WHAT THE TASK ASKS =
Look through the entries below for the line with "Once you complete" and the line with "That is how", then give again exactly those two lines and all lines between them, minus the pictures.

DATA FOR REVIEW =
------------------------
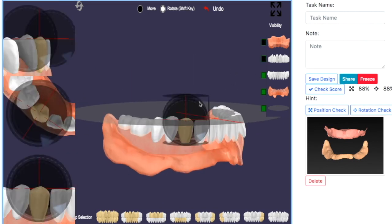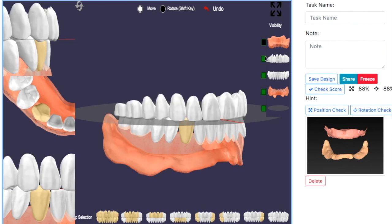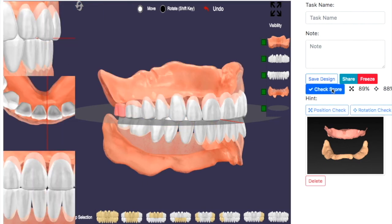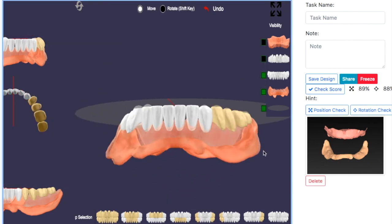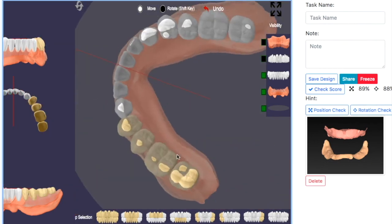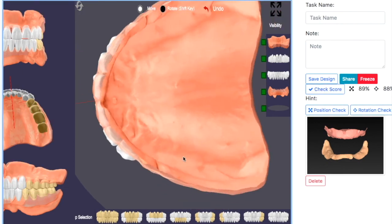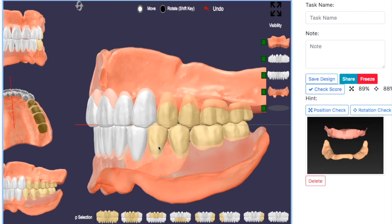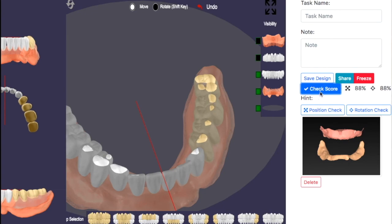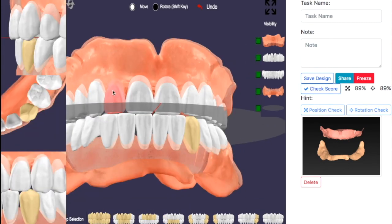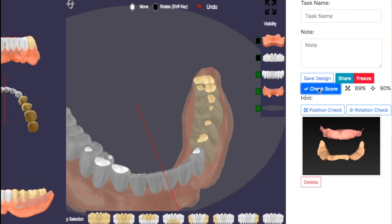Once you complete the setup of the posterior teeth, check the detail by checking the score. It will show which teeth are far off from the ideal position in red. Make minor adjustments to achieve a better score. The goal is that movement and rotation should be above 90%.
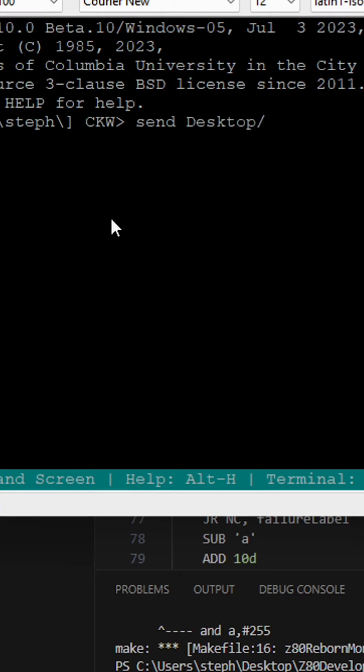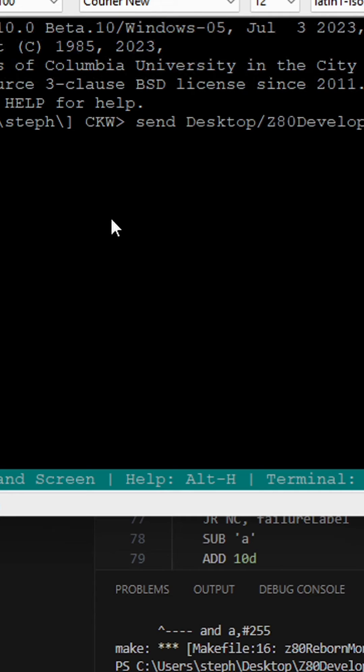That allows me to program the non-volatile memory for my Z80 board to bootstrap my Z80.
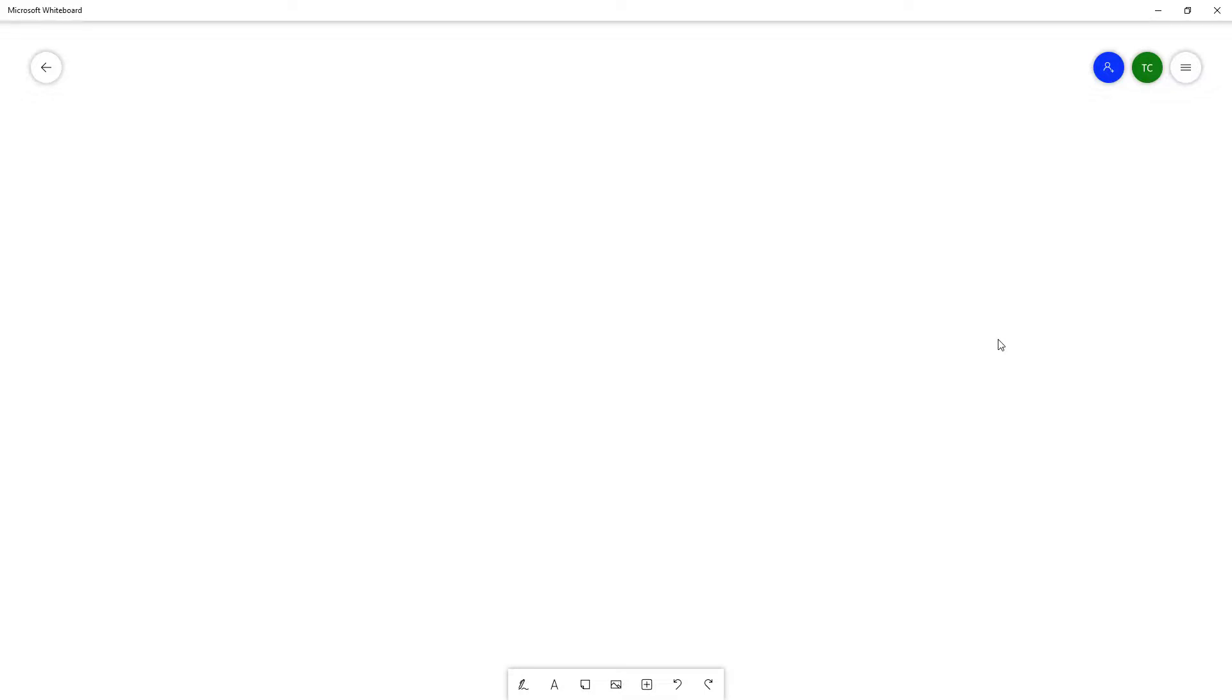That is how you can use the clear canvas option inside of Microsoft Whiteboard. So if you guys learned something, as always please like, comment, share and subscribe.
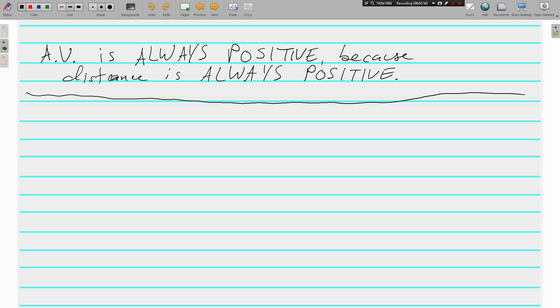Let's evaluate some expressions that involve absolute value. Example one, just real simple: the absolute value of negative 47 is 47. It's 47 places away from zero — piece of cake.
------------------------
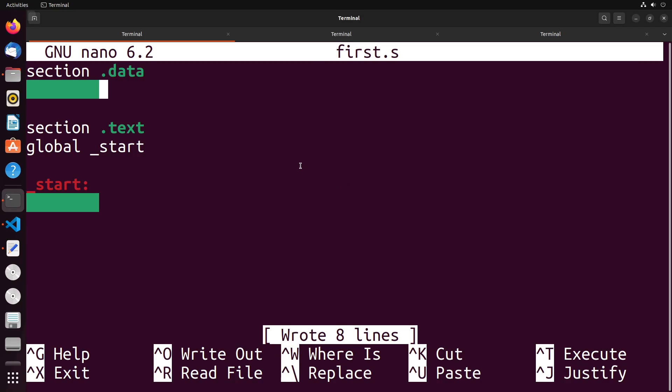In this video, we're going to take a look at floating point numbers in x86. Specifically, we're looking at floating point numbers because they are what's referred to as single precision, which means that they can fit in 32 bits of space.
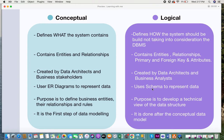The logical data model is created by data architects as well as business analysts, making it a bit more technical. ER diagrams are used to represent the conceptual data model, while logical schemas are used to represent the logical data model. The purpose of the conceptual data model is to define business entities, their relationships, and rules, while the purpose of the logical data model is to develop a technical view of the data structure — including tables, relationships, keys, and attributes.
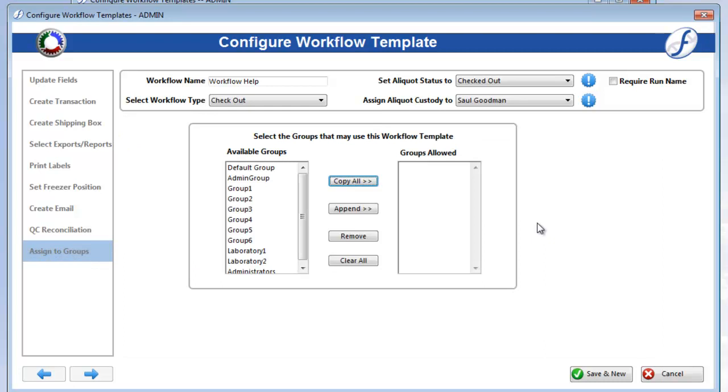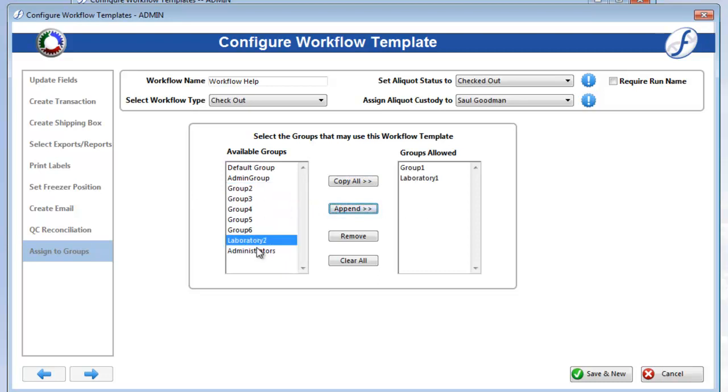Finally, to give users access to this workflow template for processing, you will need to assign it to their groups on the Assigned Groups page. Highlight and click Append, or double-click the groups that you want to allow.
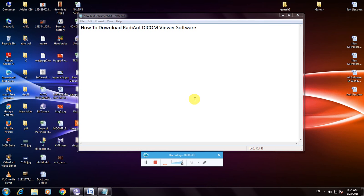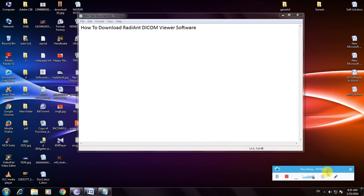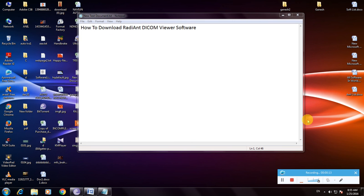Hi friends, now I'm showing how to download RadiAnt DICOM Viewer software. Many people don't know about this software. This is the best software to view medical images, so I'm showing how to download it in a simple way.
------------------------
OUTPUT FOR THIS TASK =
Once you complete the setup of the posterior teeth, check the detail by checking the score. It will show which teeth are far off from the ideal position in red. Make minor adjustments to achieve a better score. The goal is that movement and rotation should be above 90%.
That allows me to program the non-volatile memory for my Z80 board to bootstrap my Z80.
That is how you can use the clear canvas option inside of Microsoft Whiteboard. So if you guys learned something, as always please like, comment, share and subscribe.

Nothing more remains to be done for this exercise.